Before heading out for St. Patrick’s Day festivities, make a plan for how anyone in your party who’s been drinking will get home. One popular option is to appoint a designated driver. Kathryn Henry from the National Highway Traffic Safety Administration advises, “Designate a sober driver anytime you’re getting together and partaking of alcohol.”
A cab ride or public transportation can also get you home safely. Look up taxi company phone numbers or bus schedules ahead of time, so you have the information you need on hand.
Waiting until morning to go home is another way to avoid driving under the influence. For a party in someone’s home, ask if you can spend the night there. If the party you are attending is in a hotel, be proactive and book a room for the night.
“Friends don’t let friends drive drunk.” It’s an old saying, but it’s still true. Keep an eye on the other people with whom you’re celebrating, and do whatever it takes to stop anyone from driving under the influence.
Henry encourages prevention as a first step. She suggests, “If possible, prevent the friend from getting drunk in the first place.” It’s hard to reason with a drunk person, so if you can encourage her to avoid drinking excessively, things may be easier on everyone in the long run.
Trying to stop an intoxicated person from driving can provoke angry reactions. Keep your tone light and calm, and try to avoid a scene that will embarrass your friend. Explaining that you just want your friend and others on the road to be safe can soften the blow.
If the person insists on driving, ask a few others to help you talk to him or her. Sometimes just making it a group effort can do the trick.
If reasoning with your friend doesn’t sway him or her, you may have to resort to stronger measures. First, try to take away the car keys. If that fails, you might try physically restraining your friend or removing a car tire. As a last resort, call the police. No matter what it takes, in order to save lives, it’s crucial to prevent drunk driving.
If you host a St. Patrick’s Day celebration that involves alcohol, do your part to get your guests home safely. Serve a good selection of food and non-alcoholic beverages, so guests aren’t drinking on an empty stomach. However, salty snacks can make guests thirstier, thereby drinking more, so offer more than just chips and pretzels.

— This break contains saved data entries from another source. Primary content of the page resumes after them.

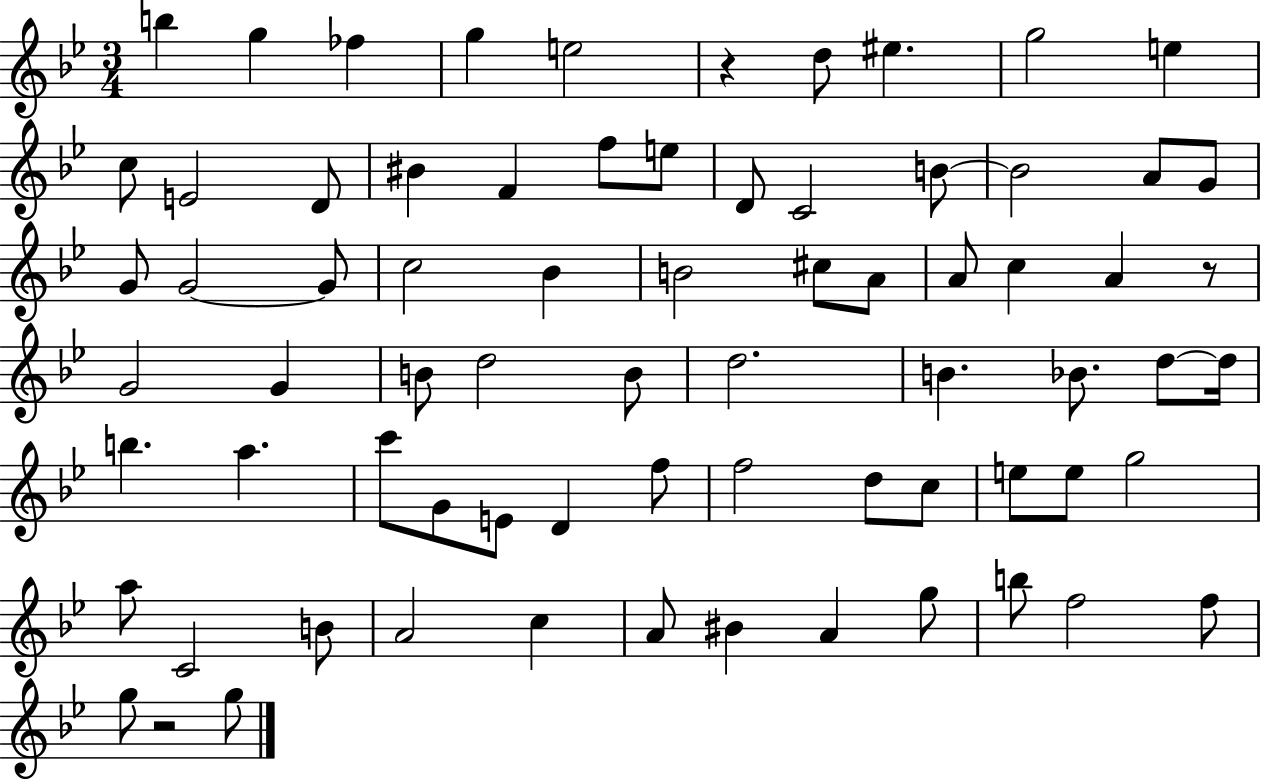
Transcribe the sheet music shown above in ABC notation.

X:1
T:Untitled
M:3/4
L:1/4
K:Bb
b g _f g e2 z d/2 ^e g2 e c/2 E2 D/2 ^B F f/2 e/2 D/2 C2 B/2 B2 A/2 G/2 G/2 G2 G/2 c2 _B B2 ^c/2 A/2 A/2 c A z/2 G2 G B/2 d2 B/2 d2 B _B/2 d/2 d/4 b a c'/2 G/2 E/2 D f/2 f2 d/2 c/2 e/2 e/2 g2 a/2 C2 B/2 A2 c A/2 ^B A g/2 b/2 f2 f/2 g/2 z2 g/2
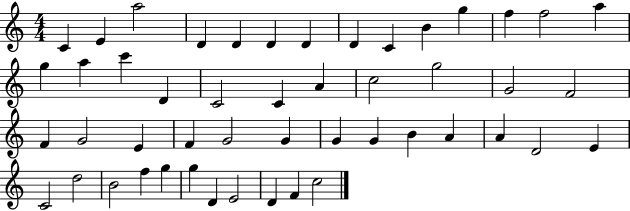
X:1
T:Untitled
M:4/4
L:1/4
K:C
C E a2 D D D D D C B g f f2 a g a c' D C2 C A c2 g2 G2 F2 F G2 E F G2 G G G B A A D2 E C2 d2 B2 f g g D E2 D F c2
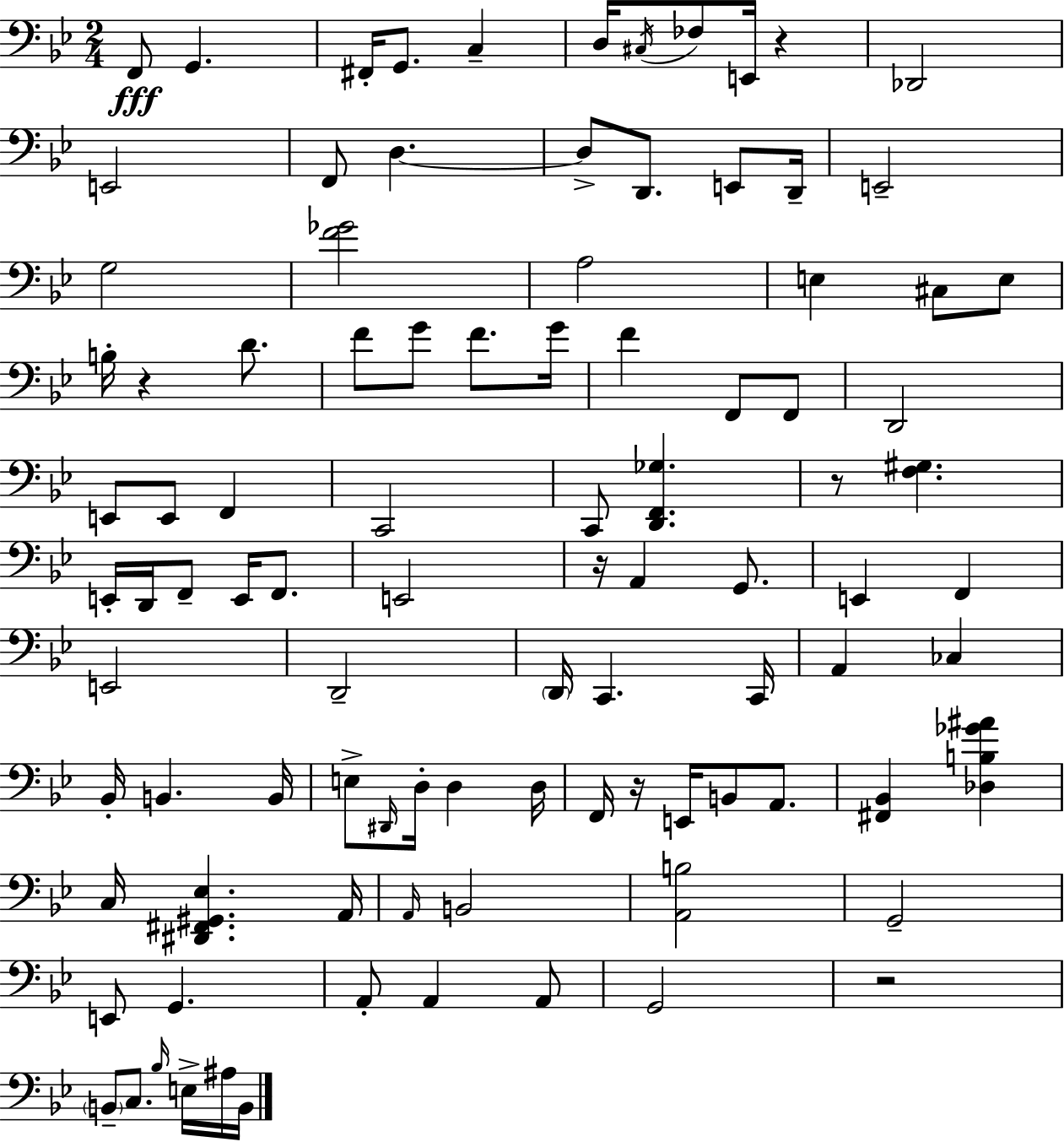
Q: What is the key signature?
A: BES major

Put the alcohol away 1.5 to two hours before the end of the party. This gives people time to sober up before heading home. Entice guests to stick around even after the alcohol’s been put up by serving dessert and coffee at this time.
See to it that none of your guests drive home under the influence. Make sure that some designated drivers are on hand to provide rides home. Before the party, research cab companies, so you have numbers on hand to call if necessary. If nothing else, let people crash on your couch until they’re in better shape to drive.
At last [wine] biteth like a serpent, and stingeth like an adder. —Proverbs 23:32
The Bible cautions that drinking, especially excessive drinking, can have significant repercussions. One of the most devastating of those is car accidents caused by drunk drivers. Henry warns that driving under the influence can be “deadly for the person drunk and more often, the innocent victim who dies because someone chose to drive drunk.”
Fortunately, there are ways to protect yourself and your friends from getting behind the wheel while impaired. Planning ahead for a safe celebration can save many lives.
What tips do you have for safe driving on St. Patrick’s Day?